[DESCRIPTION OF THE TASK] Tally the lines of the data below that contain the string "Drive". Give the tally and nothing else.

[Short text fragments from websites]
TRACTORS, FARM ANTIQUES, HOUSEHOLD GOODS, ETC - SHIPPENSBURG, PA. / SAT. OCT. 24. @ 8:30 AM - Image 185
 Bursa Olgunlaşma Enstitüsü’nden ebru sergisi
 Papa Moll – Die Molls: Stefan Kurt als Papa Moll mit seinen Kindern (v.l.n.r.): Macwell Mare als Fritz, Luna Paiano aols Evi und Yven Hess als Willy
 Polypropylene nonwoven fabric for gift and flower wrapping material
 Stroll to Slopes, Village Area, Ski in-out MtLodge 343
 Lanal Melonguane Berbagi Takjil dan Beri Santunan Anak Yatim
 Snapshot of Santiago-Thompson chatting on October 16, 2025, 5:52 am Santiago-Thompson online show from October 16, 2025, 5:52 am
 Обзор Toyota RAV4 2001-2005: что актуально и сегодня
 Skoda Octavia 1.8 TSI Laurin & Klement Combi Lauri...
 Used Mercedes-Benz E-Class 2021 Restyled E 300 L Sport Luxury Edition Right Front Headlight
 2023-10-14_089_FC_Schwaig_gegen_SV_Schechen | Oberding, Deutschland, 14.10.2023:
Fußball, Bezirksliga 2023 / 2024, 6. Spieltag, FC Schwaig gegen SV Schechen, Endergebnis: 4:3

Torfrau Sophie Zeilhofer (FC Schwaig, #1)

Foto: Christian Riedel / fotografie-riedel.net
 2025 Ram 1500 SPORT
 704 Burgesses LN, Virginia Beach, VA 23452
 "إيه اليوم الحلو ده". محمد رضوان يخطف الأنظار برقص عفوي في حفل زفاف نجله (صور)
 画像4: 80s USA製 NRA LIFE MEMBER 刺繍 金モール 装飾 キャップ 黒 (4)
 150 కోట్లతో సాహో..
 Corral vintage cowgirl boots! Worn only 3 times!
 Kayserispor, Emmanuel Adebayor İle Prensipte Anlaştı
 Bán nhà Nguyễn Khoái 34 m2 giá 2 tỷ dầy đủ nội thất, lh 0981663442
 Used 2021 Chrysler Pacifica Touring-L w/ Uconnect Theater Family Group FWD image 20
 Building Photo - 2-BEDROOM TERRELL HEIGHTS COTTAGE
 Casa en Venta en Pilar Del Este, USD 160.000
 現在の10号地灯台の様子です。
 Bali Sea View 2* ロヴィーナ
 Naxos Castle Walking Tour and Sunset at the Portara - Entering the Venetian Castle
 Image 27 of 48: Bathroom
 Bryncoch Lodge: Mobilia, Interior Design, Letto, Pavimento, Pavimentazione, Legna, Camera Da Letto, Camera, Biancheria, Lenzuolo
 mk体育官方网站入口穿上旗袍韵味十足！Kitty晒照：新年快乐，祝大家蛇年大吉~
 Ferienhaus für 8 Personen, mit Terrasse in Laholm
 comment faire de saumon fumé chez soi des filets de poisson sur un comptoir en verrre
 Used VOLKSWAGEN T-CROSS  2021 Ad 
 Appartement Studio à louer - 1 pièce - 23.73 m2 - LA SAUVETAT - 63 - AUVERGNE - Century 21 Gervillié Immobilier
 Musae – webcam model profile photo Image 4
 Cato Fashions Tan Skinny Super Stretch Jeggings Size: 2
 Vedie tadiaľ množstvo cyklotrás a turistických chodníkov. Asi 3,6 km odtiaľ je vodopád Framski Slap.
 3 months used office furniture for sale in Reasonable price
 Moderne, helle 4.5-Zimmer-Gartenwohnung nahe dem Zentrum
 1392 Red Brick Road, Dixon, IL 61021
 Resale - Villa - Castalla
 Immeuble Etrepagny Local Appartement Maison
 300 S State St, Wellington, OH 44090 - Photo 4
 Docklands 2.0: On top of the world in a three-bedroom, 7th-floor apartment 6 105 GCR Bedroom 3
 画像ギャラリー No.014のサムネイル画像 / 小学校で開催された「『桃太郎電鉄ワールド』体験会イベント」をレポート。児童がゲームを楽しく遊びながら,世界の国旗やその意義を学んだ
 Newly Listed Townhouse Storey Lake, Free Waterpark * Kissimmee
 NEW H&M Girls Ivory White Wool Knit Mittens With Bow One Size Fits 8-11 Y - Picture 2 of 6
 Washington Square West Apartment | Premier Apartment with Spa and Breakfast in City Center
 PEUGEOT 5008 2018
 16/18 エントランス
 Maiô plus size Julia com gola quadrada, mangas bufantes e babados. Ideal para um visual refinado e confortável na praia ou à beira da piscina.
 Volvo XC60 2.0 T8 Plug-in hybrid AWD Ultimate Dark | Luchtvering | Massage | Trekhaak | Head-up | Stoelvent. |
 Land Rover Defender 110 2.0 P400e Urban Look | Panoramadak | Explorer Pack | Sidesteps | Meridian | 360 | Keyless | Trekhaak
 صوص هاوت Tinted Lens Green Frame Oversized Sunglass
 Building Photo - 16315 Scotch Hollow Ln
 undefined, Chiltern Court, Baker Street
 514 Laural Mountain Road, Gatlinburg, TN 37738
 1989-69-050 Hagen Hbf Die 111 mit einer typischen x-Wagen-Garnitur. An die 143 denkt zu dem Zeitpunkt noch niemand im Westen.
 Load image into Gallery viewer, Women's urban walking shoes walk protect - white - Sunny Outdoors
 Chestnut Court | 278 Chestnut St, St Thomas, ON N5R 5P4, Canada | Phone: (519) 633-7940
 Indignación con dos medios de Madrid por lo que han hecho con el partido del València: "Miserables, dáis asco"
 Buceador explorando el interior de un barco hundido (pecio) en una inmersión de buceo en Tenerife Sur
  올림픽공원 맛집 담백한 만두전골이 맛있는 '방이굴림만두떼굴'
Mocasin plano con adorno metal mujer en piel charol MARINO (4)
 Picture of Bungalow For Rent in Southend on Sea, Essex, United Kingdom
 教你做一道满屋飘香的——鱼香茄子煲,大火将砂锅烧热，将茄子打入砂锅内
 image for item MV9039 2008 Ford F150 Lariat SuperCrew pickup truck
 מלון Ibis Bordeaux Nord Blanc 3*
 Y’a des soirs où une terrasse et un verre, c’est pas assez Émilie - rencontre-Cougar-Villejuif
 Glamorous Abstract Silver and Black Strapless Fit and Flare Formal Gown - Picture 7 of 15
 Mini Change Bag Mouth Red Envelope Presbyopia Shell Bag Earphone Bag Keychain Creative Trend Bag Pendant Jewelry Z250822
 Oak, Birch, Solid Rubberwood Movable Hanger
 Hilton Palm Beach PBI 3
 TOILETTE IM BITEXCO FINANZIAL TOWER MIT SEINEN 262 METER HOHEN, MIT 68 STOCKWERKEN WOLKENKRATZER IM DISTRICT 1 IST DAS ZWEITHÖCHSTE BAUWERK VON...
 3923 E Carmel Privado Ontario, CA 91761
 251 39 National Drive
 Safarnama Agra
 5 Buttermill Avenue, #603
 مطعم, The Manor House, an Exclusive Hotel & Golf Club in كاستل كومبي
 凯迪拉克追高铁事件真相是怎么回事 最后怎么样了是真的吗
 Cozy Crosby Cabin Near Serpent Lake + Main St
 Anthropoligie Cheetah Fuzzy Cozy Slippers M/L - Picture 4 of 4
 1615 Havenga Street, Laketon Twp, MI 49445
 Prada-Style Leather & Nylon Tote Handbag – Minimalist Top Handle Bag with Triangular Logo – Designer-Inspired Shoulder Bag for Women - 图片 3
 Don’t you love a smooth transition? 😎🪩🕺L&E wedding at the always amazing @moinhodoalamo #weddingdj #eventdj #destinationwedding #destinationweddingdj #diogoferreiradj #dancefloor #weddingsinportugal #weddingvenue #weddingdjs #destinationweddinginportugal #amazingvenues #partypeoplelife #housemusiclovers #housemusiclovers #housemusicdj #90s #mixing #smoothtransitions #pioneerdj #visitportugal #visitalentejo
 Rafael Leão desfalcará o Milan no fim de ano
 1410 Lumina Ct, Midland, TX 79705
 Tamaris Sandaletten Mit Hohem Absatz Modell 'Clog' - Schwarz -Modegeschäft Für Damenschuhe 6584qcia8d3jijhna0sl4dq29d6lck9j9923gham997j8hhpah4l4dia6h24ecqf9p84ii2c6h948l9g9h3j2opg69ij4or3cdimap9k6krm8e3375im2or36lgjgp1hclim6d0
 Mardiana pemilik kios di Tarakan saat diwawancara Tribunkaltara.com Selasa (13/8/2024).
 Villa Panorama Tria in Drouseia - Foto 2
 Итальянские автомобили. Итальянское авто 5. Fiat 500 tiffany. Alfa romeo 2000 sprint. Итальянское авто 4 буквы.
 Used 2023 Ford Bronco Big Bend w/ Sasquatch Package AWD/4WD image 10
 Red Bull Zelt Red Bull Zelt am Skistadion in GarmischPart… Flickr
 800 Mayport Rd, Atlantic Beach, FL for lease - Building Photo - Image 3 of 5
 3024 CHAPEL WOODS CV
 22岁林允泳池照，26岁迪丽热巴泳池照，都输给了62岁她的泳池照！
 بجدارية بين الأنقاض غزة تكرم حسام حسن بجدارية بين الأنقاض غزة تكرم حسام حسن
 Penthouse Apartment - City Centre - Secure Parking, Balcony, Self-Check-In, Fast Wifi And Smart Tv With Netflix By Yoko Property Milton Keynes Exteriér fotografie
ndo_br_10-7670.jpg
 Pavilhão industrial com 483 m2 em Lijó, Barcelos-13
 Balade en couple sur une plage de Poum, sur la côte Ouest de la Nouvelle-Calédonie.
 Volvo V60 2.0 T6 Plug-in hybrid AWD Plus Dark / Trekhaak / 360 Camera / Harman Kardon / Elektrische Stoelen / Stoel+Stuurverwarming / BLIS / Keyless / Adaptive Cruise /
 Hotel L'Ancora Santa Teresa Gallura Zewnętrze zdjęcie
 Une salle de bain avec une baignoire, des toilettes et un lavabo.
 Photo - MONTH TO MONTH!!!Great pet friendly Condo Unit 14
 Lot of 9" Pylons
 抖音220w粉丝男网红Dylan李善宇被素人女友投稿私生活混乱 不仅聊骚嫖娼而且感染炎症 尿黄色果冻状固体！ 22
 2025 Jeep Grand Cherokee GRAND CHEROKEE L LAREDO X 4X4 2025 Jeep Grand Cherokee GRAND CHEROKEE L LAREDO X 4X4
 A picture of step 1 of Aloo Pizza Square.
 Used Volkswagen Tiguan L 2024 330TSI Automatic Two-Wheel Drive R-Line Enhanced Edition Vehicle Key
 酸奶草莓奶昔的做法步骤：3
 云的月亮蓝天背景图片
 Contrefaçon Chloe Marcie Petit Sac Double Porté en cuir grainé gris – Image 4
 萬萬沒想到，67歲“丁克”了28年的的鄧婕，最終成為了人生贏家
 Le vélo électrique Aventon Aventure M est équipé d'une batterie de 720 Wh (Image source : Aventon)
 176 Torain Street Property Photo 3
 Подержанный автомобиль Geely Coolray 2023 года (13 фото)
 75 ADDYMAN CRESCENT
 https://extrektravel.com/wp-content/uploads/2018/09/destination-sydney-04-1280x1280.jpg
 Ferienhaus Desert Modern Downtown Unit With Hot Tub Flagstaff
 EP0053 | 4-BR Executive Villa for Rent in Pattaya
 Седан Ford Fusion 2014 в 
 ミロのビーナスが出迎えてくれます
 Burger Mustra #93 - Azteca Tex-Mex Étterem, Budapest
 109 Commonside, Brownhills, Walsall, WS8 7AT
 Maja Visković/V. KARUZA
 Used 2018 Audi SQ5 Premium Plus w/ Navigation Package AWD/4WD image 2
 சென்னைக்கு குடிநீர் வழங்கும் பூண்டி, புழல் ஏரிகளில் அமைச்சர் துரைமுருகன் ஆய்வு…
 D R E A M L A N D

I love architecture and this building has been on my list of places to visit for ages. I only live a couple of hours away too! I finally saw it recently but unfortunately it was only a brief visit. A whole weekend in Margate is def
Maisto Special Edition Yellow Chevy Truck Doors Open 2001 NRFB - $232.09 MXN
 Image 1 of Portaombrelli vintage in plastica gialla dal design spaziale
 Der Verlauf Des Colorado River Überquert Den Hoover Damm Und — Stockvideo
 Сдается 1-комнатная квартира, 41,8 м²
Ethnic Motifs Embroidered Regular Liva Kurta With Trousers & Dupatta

[TASK RESULT] 2